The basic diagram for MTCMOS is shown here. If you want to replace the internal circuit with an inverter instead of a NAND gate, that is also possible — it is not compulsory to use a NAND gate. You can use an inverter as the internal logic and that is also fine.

==

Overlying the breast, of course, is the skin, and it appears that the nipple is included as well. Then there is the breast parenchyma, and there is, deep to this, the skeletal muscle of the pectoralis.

==

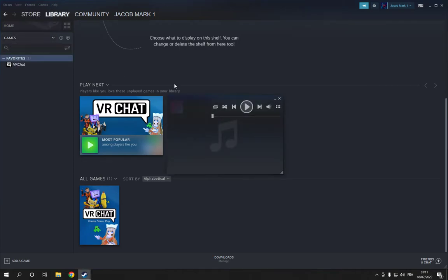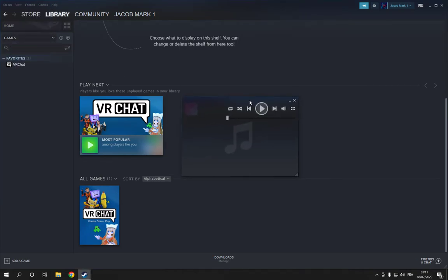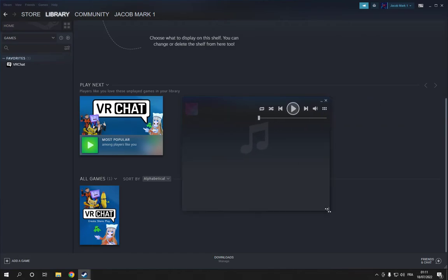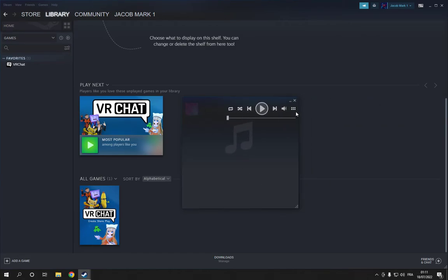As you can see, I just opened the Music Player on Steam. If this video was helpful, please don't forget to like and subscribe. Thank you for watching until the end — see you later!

> THE TASK
Scan the material above for the string "that", and copy every line where it is found.

> TASK OUTPUT
The basic diagram for MTCMOS is shown here. If you want to replace the internal circuit with an inverter instead of a NAND gate, that is also possible — it is not compulsory to use a NAND gate. You can use an inverter as the internal logic and that is also fine.
Overlying the breast, of course, is the skin, and it appears that the nipple is included as well. Then there is the breast parenchyma, and there is, deep to this, the skeletal muscle of the pectoralis.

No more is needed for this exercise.